- [INPUT DATA]
◇ ◇ ◇
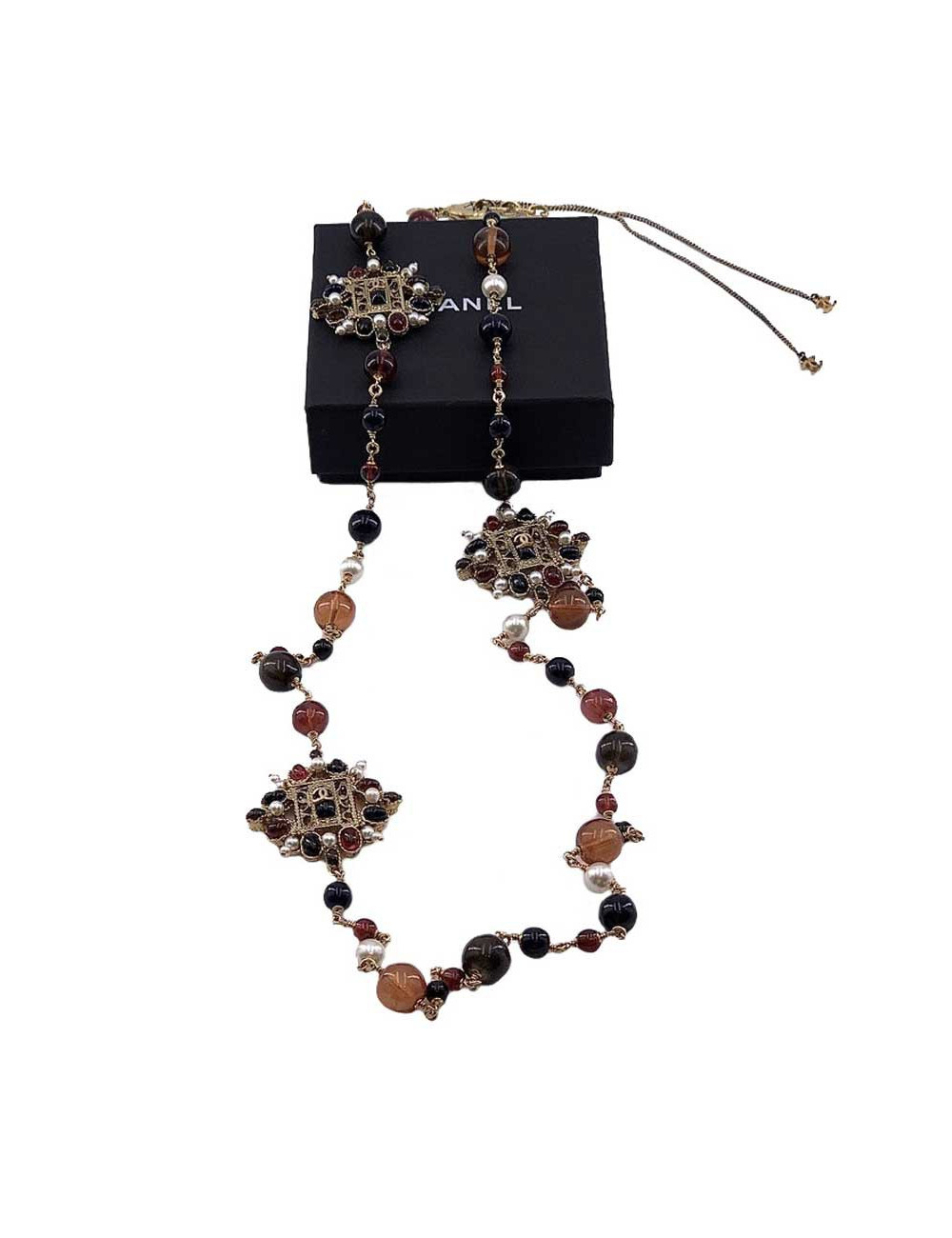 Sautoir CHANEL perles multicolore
◇ ◇ ◇
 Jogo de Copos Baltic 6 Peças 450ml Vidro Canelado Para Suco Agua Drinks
◇ ◇ ◇
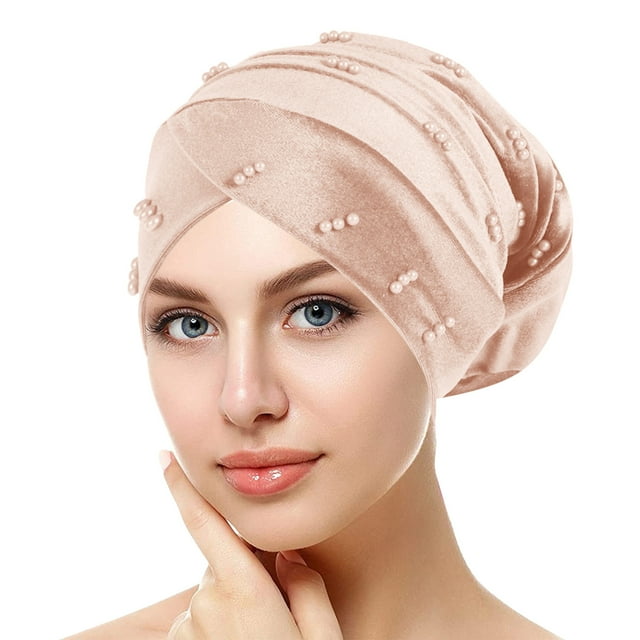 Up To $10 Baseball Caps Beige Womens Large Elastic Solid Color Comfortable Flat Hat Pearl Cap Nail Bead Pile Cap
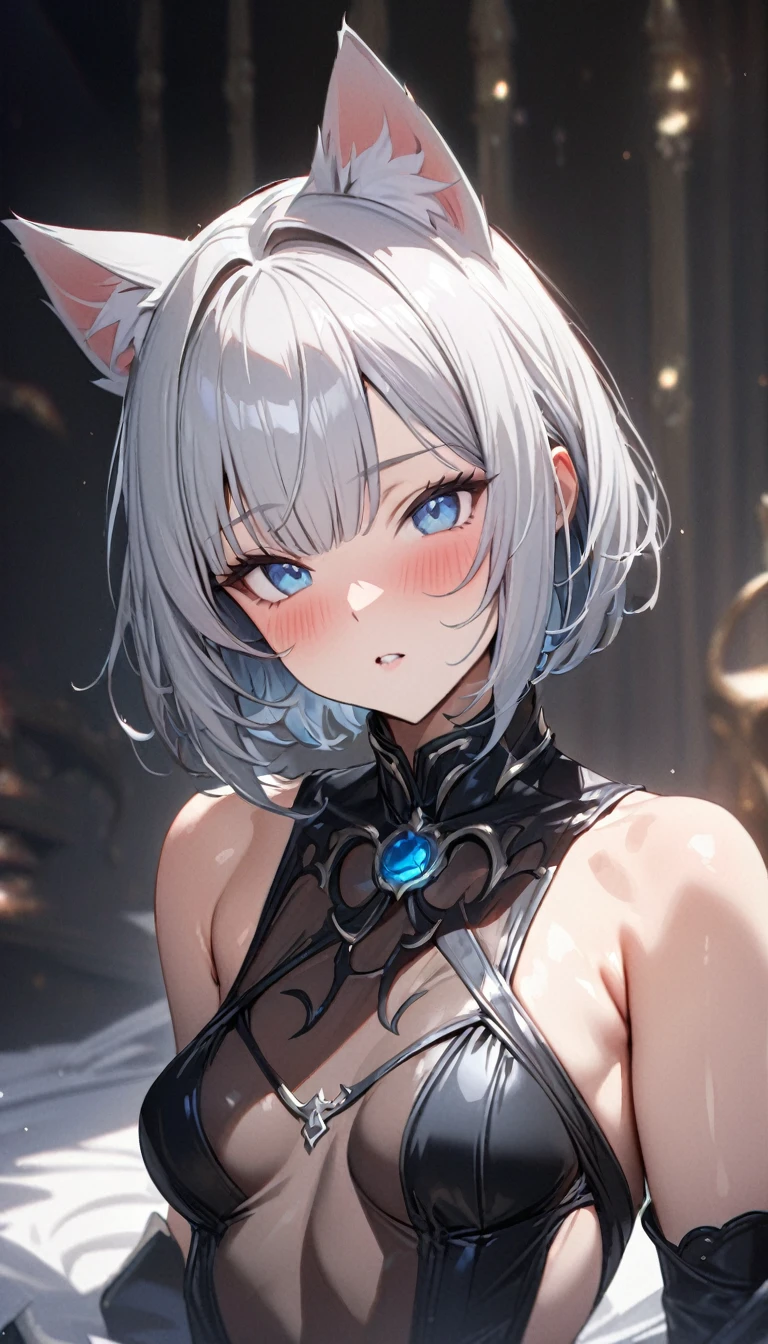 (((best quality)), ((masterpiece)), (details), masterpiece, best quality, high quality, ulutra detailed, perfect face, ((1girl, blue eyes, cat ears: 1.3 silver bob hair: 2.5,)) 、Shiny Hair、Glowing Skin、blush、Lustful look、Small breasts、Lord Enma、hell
◇ ◇ ◇
- [WHAT THE EXERCISE ASKS]
Only the lines of the listing above from the one with "Up To $10 Baseball" through the one with "(((best quality)), ((masterpiece)), (details), masterpiece, best" should be output, exactly, with both ends kept and pictures left out.

- [SOLUTION FOR THIS PROBLEM]
 Up To $10 Baseball Caps Beige Womens Large Elastic Solid Color Comfortable Flat Hat Pearl Cap Nail Bead Pile Cap
 (((best quality)), ((masterpiece)), (details), masterpiece, best quality, high quality, ulutra detailed, perfect face, ((1girl, blue eyes, cat ears: 1.3 silver bob hair: 2.5,)) 、Shiny Hair、Glowing Skin、blush、Lustful look、Small breasts、Lord Enma、hell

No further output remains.